━━━ GIVEN INFORMATION ━━━

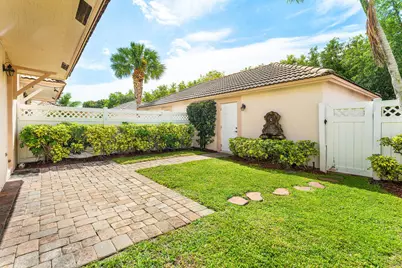 8058 Murano Circle, Palm Beach Gardens, FL 33418 - Photo 28
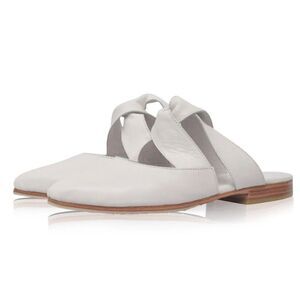 Balielf Taj Mahal white pointy toe mules size 7
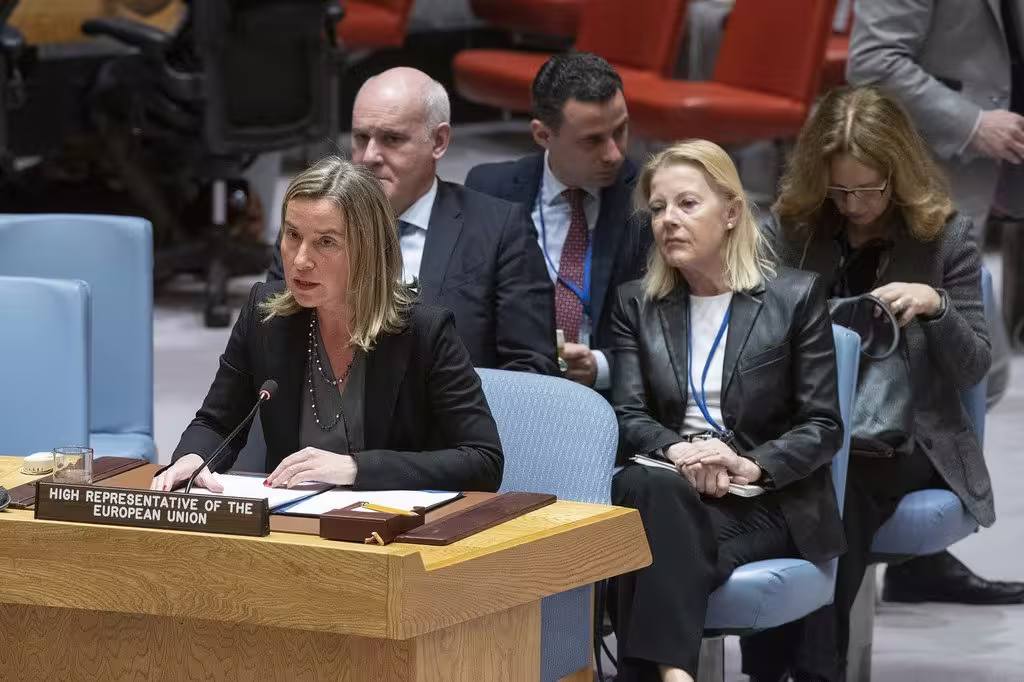 Ex-UE diplomate Mogherini accusée de fraude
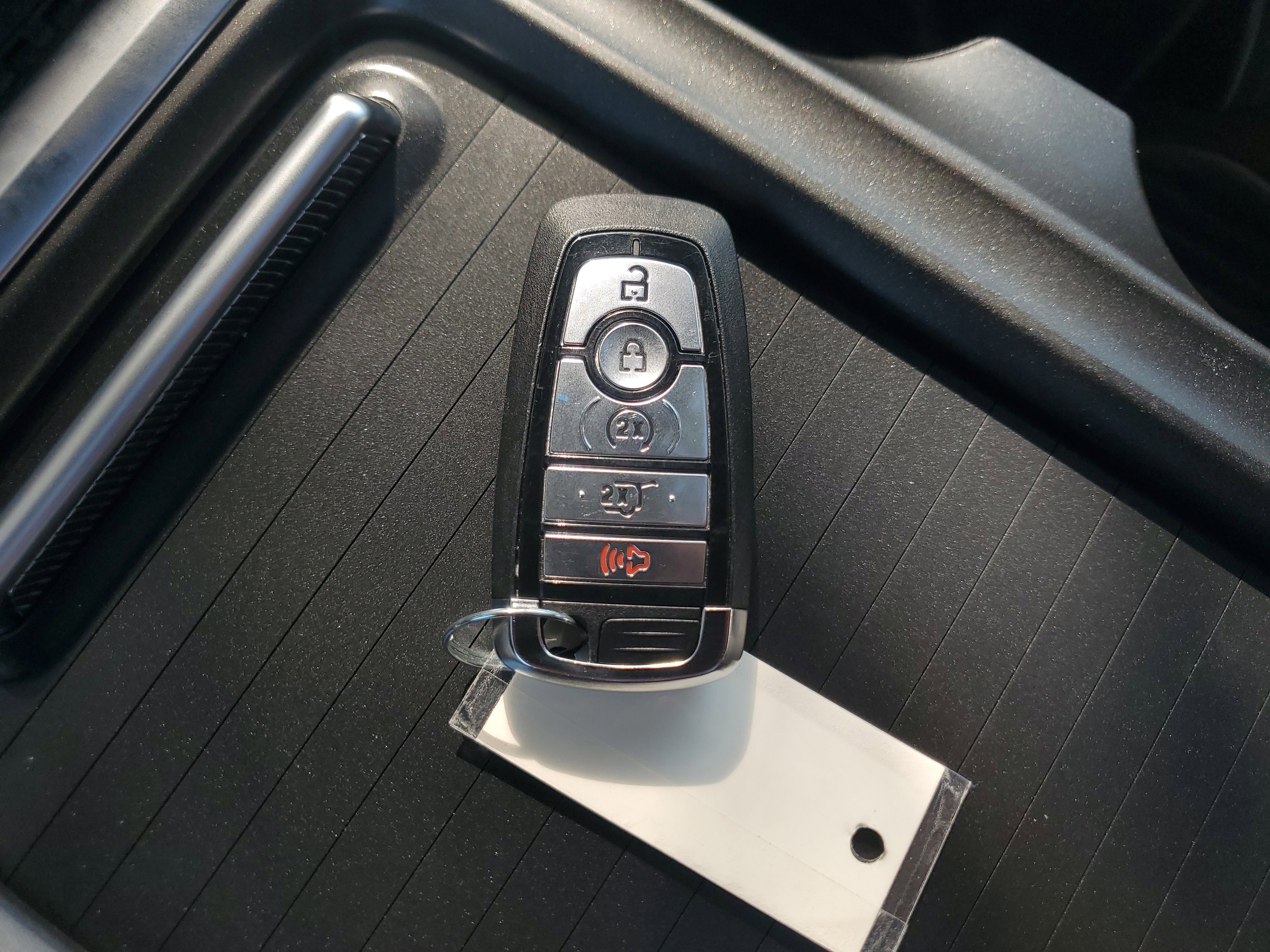 Certified 2025 Ford Expedition Tremor image 30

━━━

WORK TASK: Copy verbatim the span that begins at the line containing "Balielf Taj Mahal white" and ends at the last line of the material, inclusive of both; exclude pictures.

RESPONSE:
 Balielf Taj Mahal white pointy toe mules size 7
 Ex-UE diplomate Mogherini accusée de fraude
 Certified 2025 Ford Expedition Tremor image 30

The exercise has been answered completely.